= Problem to solve =
The answer should be every line below, repeated exactly, with the images left out.

= Data for review =
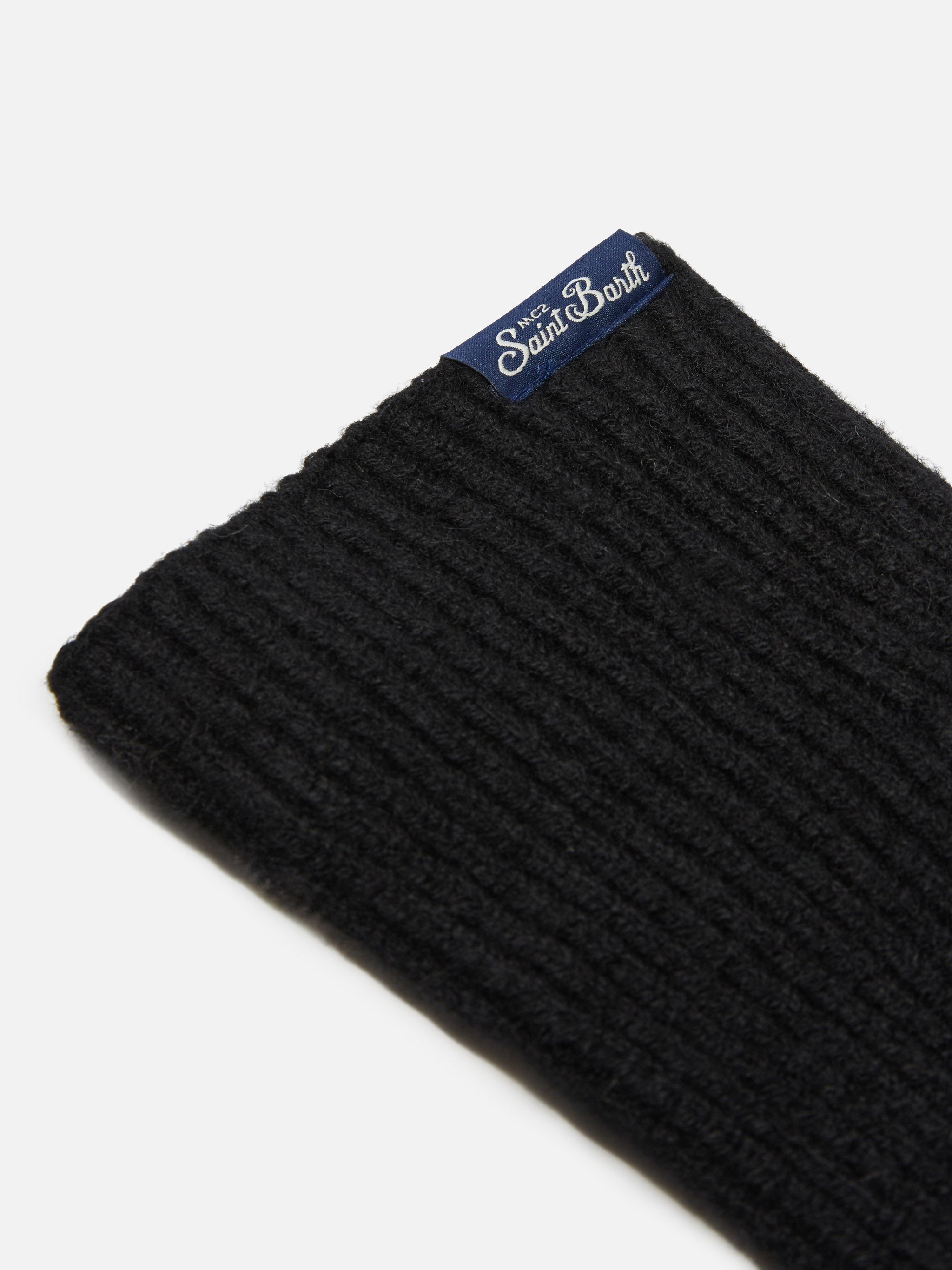 mc2-saint-barth-brixton-guanti-elasticizzati-neri-in-misto-cashmere-a-coste image 3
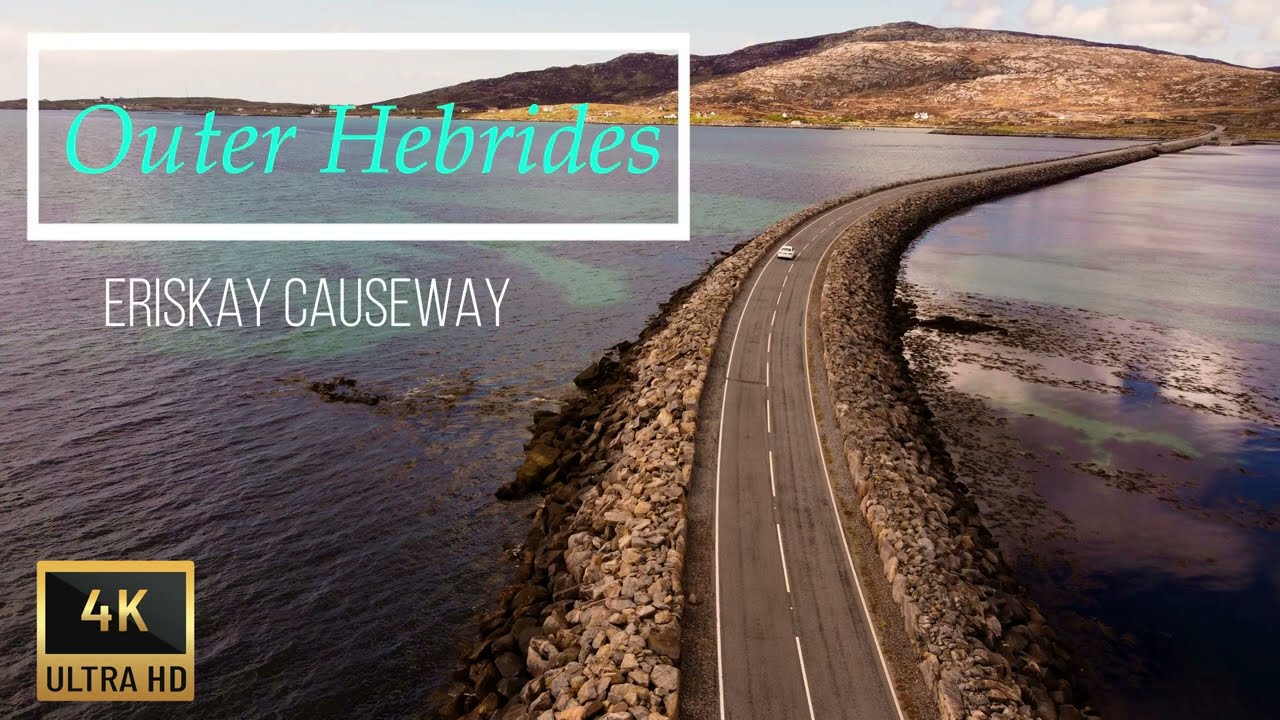 4k Drone video Scotland-Outer Hebrides-Western Isles Eriskay Causeway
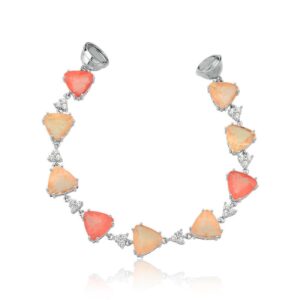 Pulseira Fol. Rodio Crav. Zirc Branca Pedra Fusion Tangerina Fecho Ima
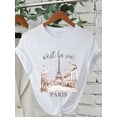 thumbnail image 1 of Paris Eiffel Tower Print Short Sleeve T-Shirt, Casual Summer, 1 of 5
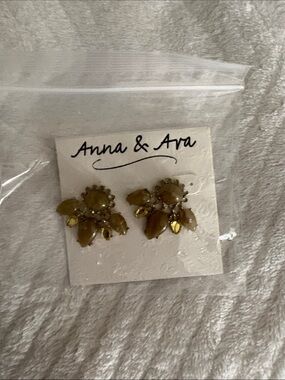 Anna & Ava Beige Crystal Floral Cluster Earrings
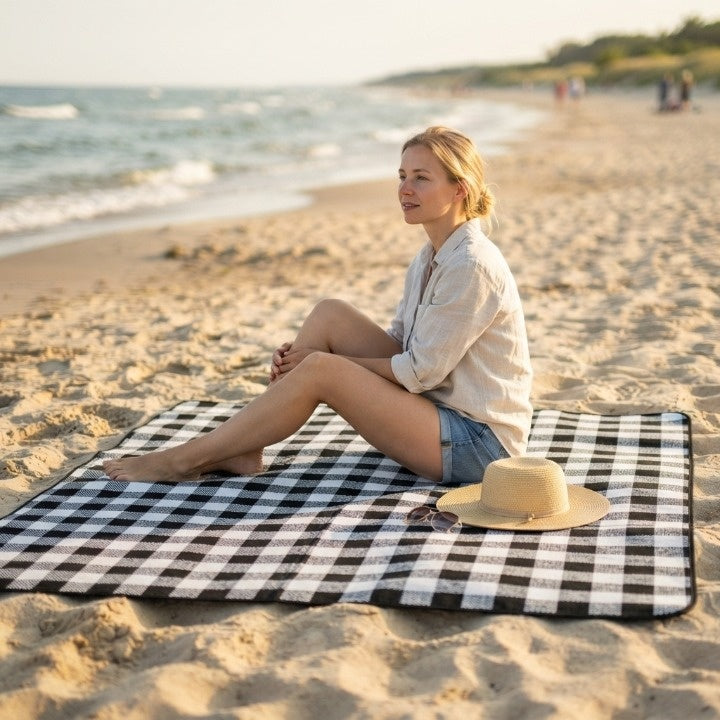 Picnic Blanket Waterproof & Padded Foldable Leather Strap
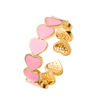 Brand fuchsia cute copper ring, jewelry heart shaped, European style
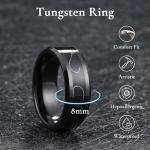 King Will 8mm Black Tungsten Rings, Men's Wedding Rings Fishing Line Inlay Beveled Edge Ring for Men Women, Comfort Fit, Durable, Size 9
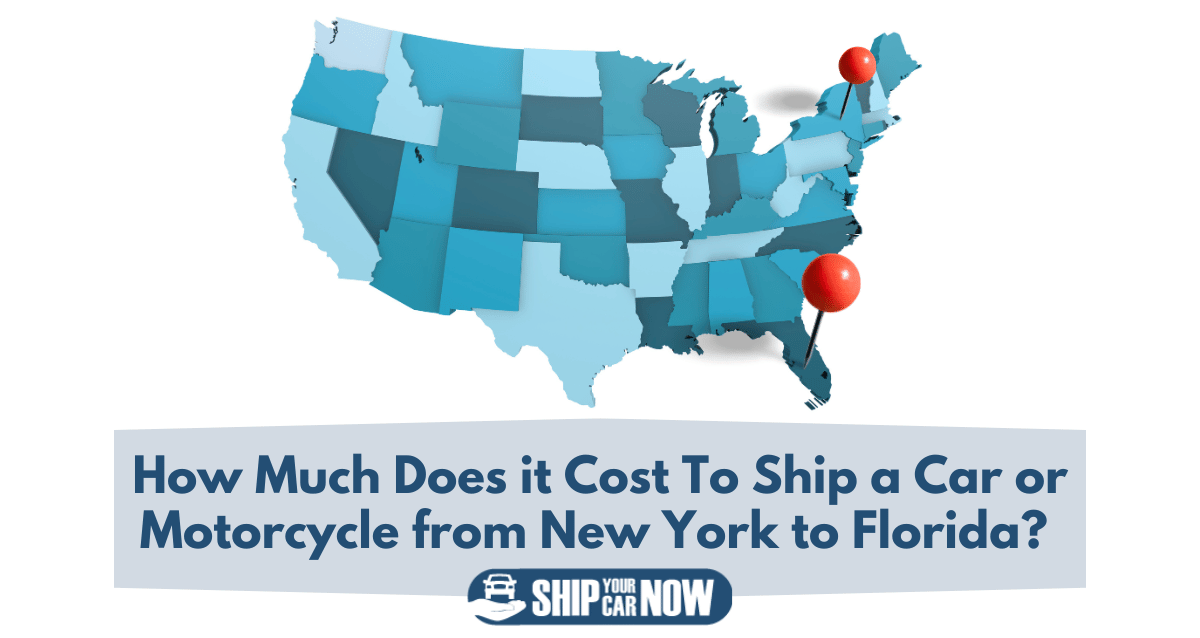 How much does it cost to ship a car or motorcycle from New York to Florida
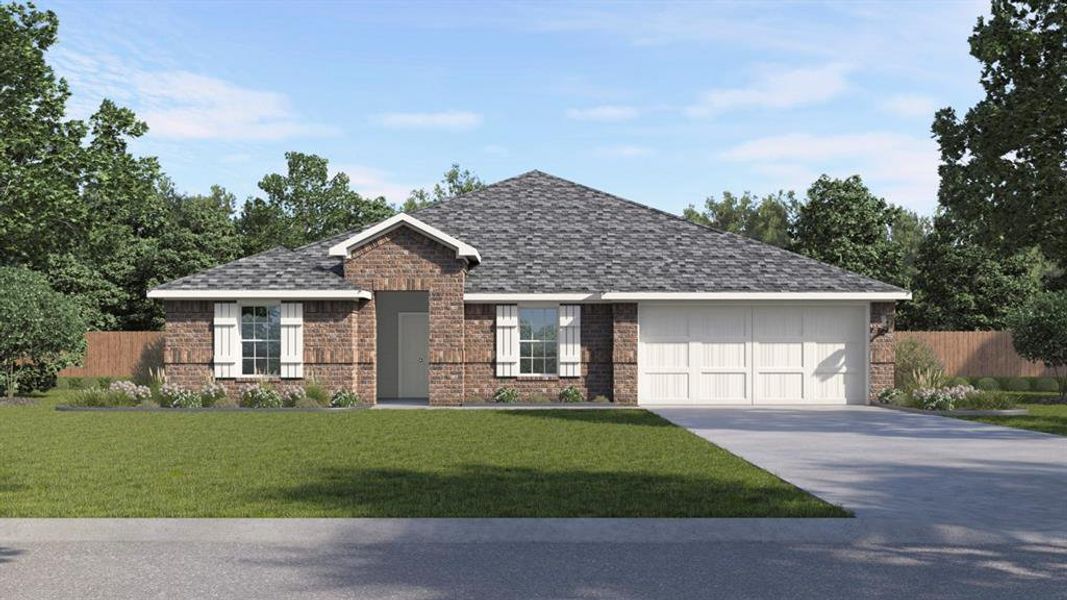 Brick facade residence featuring a covered entry, white window shutters, a two-car garage, and a concrete driveway Brick facade residence featuring a covered entry, white window shutters, a two-car garage, and a concrete driveway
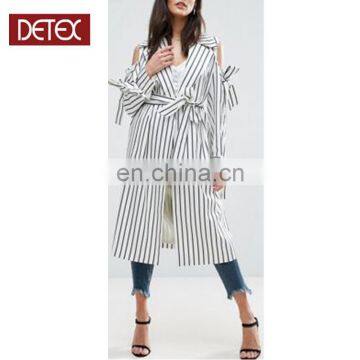 White And Blue Stripe Ladies Long Coat Design Women Long Coat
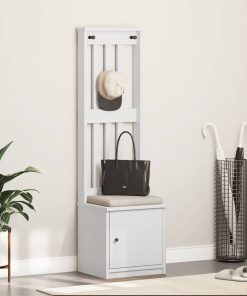 Albero Da Ingresso Sandnes Bianco 45x40x159,5 Cm Legno Di Pino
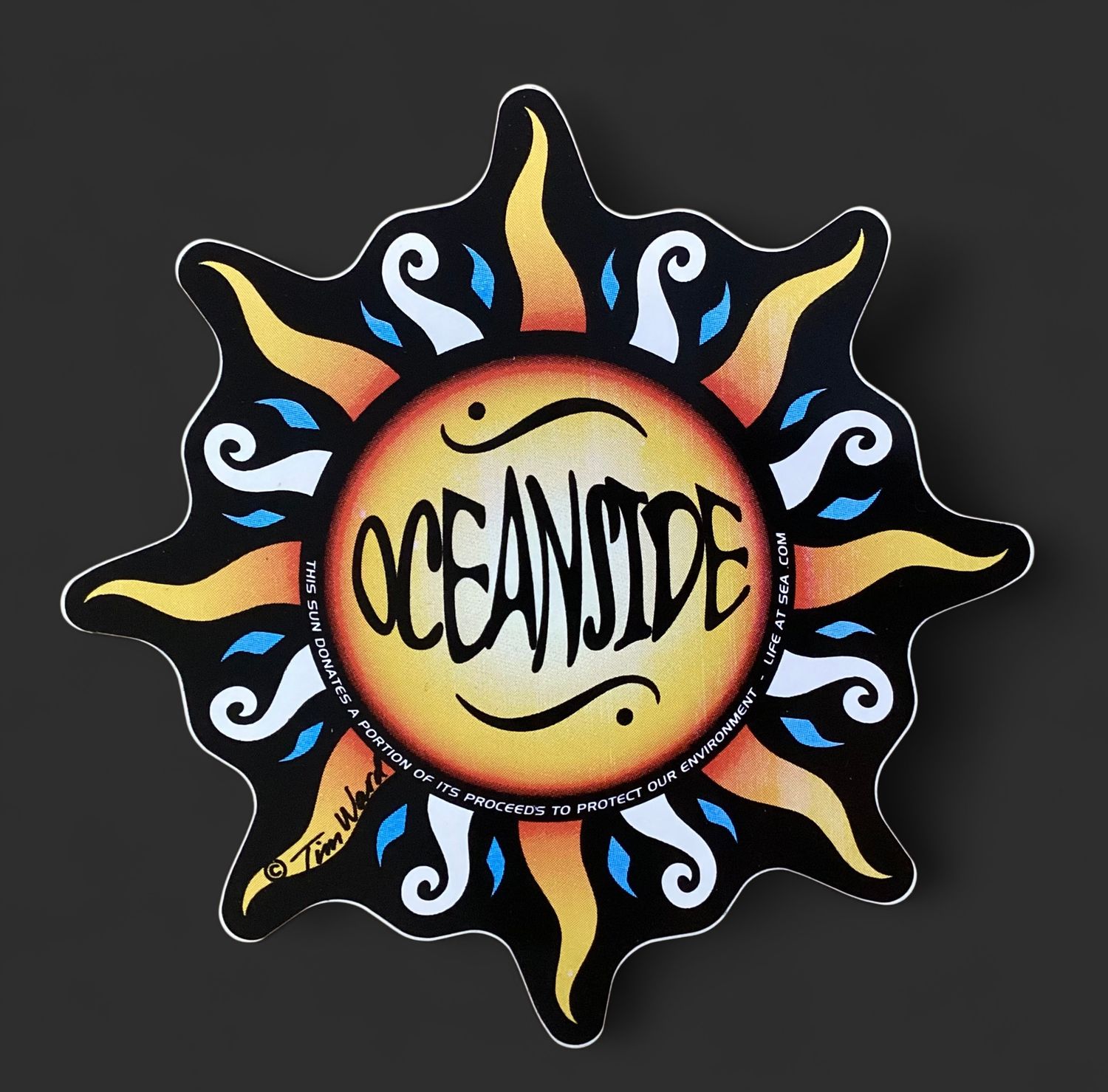 Lrg Sticker-Oceanside Sunflower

= Answer area =
 mc2-saint-barth-brixton-guanti-elasticizzati-neri-in-misto-cashmere-a-coste image 3
 4k Drone video Scotland-Outer Hebrides-Western Isles Eriskay Causeway
 Pulseira Fol. Rodio Crav. Zirc Branca Pedra Fusion Tangerina Fecho Ima
 thumbnail image 1 of Paris Eiffel Tower Print Short Sleeve T-Shirt, Casual Summer, 1 of 5
 Anna & Ava Beige Crystal Floral Cluster Earrings
 Picnic Blanket Waterproof & Padded Foldable Leather Strap
 Brand fuchsia cute copper ring, jewelry heart shaped, European style
 King Will 8mm Black Tungsten Rings, Men's Wedding Rings Fishing Line Inlay Beveled Edge Ring for Men Women, Comfort Fit, Durable, Size 9
 How much does it cost to ship a car or motorcycle from New York to Florida
 Brick facade residence featuring a covered entry, white window shutters, a two-car garage, and a concrete driveway Brick facade residence featuring a covered entry, white window shutters, a two-car garage, and a concrete driveway
 White And Blue Stripe Ladies Long Coat Design Women Long Coat
 Albero Da Ingresso Sandnes Bianco 45x40x159,5 Cm Legno Di Pino
 Lrg Sticker-Oceanside Sunflower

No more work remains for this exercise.